Information Retrieval Labor, LLMs, and the Semantic Web

30 Mar, 2025

I have a hunch that one of the more useful applications of LLMs in the longer term will be transforming unstructured prose into structured data with the guidance of a schema. By "schema" I mean a formal syntactic structure (e.g. a JSON Schema, TypeScript type) chosen by a human being with a particular set of retrieval tasks in mind.

For a very cool example of what this approach can yield, check out Théophile Cantelobre's visualization of the connections between people in the culinary world and the restaurants they've been involved in, generated by means of data extracted from restaurant reviews.

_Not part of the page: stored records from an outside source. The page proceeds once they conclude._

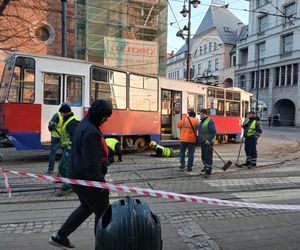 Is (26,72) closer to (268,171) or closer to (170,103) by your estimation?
(170,103)

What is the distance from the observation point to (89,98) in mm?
12203

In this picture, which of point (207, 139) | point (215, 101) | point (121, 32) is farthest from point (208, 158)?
point (121, 32)

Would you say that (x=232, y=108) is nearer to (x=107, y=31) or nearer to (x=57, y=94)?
(x=57, y=94)

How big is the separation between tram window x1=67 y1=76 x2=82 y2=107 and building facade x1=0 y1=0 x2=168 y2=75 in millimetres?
14148

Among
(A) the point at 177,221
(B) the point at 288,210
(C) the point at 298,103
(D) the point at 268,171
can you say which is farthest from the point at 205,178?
(C) the point at 298,103

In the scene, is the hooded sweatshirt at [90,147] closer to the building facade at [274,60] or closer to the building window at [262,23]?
the building facade at [274,60]

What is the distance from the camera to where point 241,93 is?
19.8 metres

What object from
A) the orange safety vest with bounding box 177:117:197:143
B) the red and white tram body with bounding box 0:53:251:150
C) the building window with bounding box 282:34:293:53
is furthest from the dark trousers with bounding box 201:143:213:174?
the building window with bounding box 282:34:293:53

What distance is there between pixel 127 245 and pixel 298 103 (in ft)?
161

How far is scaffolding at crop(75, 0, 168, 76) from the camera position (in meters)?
26.2

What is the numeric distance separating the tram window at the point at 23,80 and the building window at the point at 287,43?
46.0 m

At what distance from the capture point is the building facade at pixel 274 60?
48938 mm

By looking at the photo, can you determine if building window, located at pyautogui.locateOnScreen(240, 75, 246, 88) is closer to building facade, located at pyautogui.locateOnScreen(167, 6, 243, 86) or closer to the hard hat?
building facade, located at pyautogui.locateOnScreen(167, 6, 243, 86)

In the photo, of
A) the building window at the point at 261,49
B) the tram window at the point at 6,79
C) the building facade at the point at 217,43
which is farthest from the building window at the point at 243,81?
the tram window at the point at 6,79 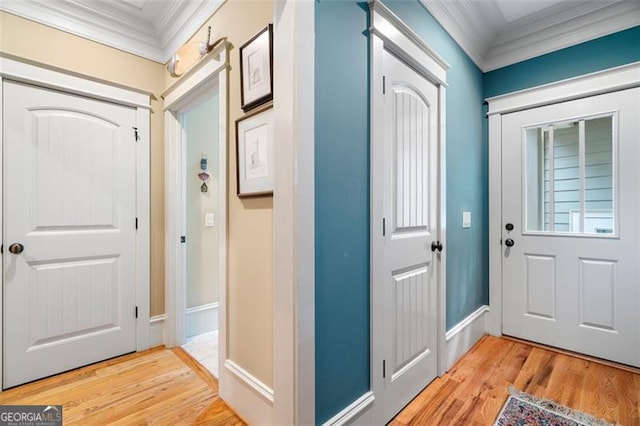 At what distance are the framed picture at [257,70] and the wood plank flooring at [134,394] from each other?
68.1 inches

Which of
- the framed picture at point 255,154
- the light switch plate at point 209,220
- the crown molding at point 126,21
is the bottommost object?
the light switch plate at point 209,220

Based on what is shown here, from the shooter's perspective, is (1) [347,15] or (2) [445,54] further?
(2) [445,54]

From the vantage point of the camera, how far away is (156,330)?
242 centimetres

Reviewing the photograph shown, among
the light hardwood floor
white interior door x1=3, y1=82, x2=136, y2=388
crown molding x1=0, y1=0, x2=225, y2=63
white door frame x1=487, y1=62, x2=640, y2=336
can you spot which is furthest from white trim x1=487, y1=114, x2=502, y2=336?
white interior door x1=3, y1=82, x2=136, y2=388

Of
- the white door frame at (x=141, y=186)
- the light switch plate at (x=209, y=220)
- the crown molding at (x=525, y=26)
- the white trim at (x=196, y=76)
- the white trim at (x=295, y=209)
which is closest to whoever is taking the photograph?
the white trim at (x=295, y=209)

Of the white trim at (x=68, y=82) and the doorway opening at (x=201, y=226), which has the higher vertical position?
the white trim at (x=68, y=82)

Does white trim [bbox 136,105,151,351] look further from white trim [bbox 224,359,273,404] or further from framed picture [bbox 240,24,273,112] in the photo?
framed picture [bbox 240,24,273,112]

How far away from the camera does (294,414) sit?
113 centimetres

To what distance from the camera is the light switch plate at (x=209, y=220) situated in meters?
2.77

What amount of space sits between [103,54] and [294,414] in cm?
275

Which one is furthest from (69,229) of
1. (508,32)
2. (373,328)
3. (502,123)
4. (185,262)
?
(508,32)

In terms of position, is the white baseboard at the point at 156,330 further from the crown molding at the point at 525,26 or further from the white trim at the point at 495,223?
the crown molding at the point at 525,26

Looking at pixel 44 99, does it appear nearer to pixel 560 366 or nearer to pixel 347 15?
pixel 347 15

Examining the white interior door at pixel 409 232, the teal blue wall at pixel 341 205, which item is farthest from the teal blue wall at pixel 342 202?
the white interior door at pixel 409 232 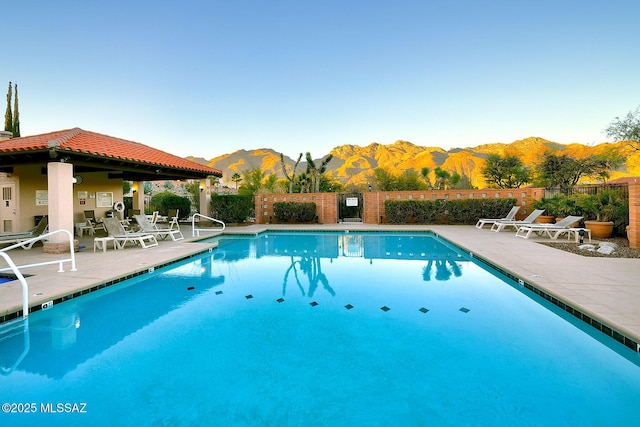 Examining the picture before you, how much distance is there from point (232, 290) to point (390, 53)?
15921mm

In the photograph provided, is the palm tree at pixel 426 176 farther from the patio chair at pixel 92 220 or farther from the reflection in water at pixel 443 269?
the patio chair at pixel 92 220

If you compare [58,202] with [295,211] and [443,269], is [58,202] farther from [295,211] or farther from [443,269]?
[295,211]

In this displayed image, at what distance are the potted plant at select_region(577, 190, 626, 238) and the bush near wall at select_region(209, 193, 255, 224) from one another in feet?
49.5

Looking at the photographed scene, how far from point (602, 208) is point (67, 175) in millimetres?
16883

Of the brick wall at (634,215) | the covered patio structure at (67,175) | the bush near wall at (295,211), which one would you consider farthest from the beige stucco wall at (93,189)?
the brick wall at (634,215)

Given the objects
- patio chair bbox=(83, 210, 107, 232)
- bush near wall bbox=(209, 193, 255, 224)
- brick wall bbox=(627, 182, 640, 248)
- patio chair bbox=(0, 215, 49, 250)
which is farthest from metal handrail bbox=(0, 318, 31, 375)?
bush near wall bbox=(209, 193, 255, 224)

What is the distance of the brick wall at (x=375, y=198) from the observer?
15500mm

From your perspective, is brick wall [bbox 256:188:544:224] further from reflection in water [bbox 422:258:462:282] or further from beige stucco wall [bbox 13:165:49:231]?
beige stucco wall [bbox 13:165:49:231]

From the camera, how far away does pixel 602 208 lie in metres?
10.8

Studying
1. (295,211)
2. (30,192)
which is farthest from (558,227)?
(30,192)

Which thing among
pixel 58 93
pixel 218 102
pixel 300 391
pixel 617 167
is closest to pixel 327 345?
pixel 300 391

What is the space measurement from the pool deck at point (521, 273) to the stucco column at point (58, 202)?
0.37m

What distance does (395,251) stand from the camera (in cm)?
1009

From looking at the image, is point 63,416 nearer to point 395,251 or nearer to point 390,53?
point 395,251
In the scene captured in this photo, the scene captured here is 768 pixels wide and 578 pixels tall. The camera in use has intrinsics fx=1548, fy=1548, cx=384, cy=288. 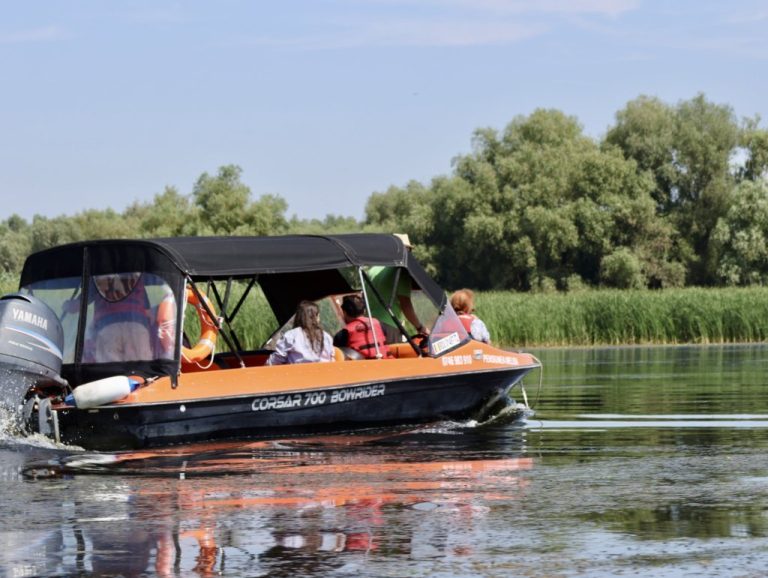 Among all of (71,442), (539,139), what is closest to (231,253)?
(71,442)

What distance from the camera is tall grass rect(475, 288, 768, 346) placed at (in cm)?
3900

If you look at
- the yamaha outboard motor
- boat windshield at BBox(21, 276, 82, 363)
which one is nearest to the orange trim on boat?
the yamaha outboard motor

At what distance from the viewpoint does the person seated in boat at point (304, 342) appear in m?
14.8

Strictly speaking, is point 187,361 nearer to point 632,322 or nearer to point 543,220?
point 632,322

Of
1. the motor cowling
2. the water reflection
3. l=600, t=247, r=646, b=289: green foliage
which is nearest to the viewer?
the water reflection

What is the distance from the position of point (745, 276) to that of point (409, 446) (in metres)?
59.8

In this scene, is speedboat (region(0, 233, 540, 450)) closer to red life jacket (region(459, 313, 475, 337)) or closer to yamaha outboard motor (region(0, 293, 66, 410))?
yamaha outboard motor (region(0, 293, 66, 410))

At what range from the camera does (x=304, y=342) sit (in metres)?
14.8

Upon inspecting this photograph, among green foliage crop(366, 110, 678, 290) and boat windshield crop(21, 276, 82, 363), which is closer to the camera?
boat windshield crop(21, 276, 82, 363)

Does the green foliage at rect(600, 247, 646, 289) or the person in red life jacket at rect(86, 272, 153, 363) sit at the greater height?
the green foliage at rect(600, 247, 646, 289)

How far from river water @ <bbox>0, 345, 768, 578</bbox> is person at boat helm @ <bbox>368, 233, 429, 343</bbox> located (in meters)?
1.43

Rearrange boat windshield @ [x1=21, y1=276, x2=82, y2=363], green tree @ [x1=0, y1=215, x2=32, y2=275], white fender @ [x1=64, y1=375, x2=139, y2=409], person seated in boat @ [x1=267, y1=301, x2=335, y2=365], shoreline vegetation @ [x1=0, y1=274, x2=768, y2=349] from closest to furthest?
white fender @ [x1=64, y1=375, x2=139, y2=409], boat windshield @ [x1=21, y1=276, x2=82, y2=363], person seated in boat @ [x1=267, y1=301, x2=335, y2=365], shoreline vegetation @ [x1=0, y1=274, x2=768, y2=349], green tree @ [x1=0, y1=215, x2=32, y2=275]

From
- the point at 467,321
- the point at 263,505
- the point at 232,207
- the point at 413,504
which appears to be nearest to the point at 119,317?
the point at 263,505

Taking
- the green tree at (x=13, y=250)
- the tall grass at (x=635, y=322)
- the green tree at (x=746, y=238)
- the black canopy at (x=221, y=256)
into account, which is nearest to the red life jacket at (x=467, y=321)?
the black canopy at (x=221, y=256) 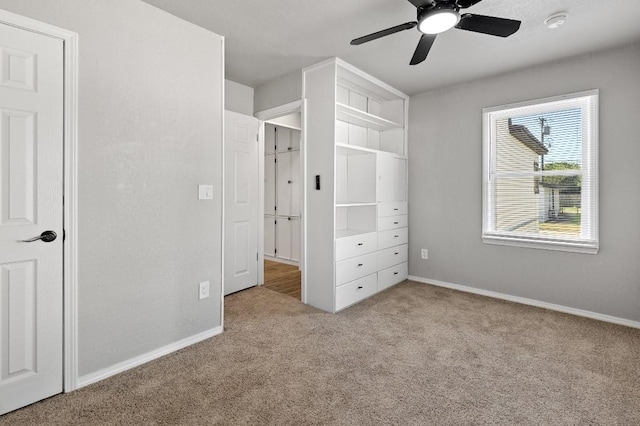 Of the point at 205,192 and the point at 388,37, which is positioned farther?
the point at 388,37

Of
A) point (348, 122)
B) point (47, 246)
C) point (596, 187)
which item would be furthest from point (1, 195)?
point (596, 187)

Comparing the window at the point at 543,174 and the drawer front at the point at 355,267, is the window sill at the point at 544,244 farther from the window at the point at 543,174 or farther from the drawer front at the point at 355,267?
the drawer front at the point at 355,267

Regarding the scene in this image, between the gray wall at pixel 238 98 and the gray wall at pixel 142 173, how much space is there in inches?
43.9

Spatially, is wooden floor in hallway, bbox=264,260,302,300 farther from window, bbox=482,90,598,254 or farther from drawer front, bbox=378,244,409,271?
window, bbox=482,90,598,254

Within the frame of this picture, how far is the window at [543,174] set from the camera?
314 centimetres

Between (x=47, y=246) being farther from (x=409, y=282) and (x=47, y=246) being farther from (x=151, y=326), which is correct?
(x=409, y=282)

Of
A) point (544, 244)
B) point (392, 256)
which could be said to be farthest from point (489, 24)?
point (392, 256)

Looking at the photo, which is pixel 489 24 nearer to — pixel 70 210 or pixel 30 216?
pixel 70 210

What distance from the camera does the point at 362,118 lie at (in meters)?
3.79

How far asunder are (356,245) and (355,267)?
233mm

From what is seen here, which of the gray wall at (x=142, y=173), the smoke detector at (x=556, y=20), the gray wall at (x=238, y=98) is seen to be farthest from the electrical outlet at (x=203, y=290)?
the smoke detector at (x=556, y=20)

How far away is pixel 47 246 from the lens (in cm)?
185

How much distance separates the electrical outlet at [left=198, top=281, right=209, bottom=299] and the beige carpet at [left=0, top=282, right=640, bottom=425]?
1.18ft

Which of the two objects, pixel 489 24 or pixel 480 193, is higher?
pixel 489 24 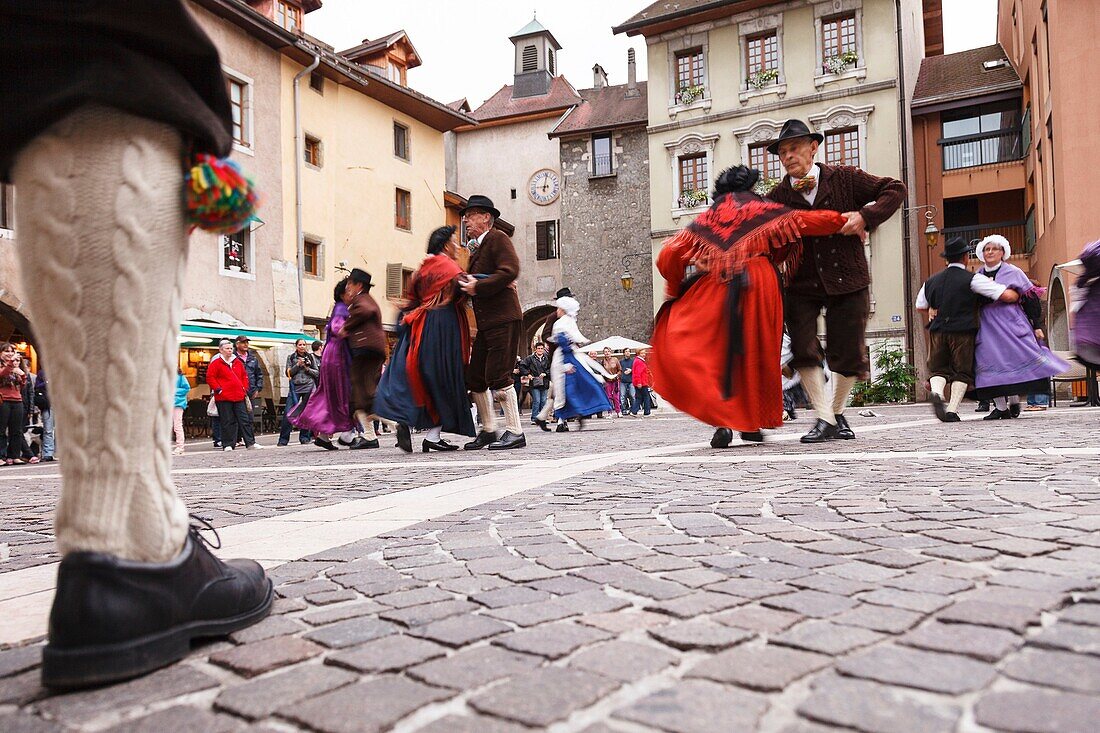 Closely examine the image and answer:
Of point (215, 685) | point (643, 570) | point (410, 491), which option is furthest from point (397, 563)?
point (410, 491)

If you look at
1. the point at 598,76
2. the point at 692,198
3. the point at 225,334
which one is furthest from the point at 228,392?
the point at 598,76

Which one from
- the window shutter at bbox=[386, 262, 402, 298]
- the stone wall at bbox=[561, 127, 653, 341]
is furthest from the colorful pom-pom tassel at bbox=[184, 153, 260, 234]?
the stone wall at bbox=[561, 127, 653, 341]

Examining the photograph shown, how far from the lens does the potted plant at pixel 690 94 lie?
30438 mm

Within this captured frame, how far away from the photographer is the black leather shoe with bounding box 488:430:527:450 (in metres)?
8.16

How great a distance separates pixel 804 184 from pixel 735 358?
1482 millimetres

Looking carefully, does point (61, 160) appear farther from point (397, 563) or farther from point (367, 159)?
point (367, 159)

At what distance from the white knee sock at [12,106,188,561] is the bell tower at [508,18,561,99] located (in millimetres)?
41166

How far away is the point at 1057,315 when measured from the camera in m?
22.5

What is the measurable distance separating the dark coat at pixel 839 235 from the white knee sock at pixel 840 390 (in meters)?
0.64

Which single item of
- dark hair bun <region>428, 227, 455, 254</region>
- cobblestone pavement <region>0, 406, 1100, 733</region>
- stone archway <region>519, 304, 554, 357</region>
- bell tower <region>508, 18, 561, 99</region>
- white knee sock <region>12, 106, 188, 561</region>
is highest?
bell tower <region>508, 18, 561, 99</region>

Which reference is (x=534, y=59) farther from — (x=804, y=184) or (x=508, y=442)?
(x=804, y=184)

Screenshot 2025-03-30 at 12

There are some really interesting libraries being developed, like instruct-js, that handle the plumbing required to prompt LLMs with a schema that can be realized as a static type for the programming language and ensure at run time that the results conform to that schema.

In hindsight, it seems clear that one major reason the "semantic web" failed to catch on was that it wholly neglected the cost of the labor required to develop machine-readable formats and recast existing information in those formats. If LLMs can bring that cost down a bit, commensurate portion of the semantic web vision might yet be realized. It will hardly be world-transforming, but perhaps it will marginally improve the lives of some researchers and librarians working in well-defined fields.

Even such humble visions require a lot of work. Julian Warner's historically-informed theory of information retrieval suggests that there is no free lunch to be had through machine-augmentation: holding "search power" fixed, labor can only be shifted from the "description" to the "search" phase of retrieval. I believe the fullest statement of his theory remains Human Information Retrieval (2009).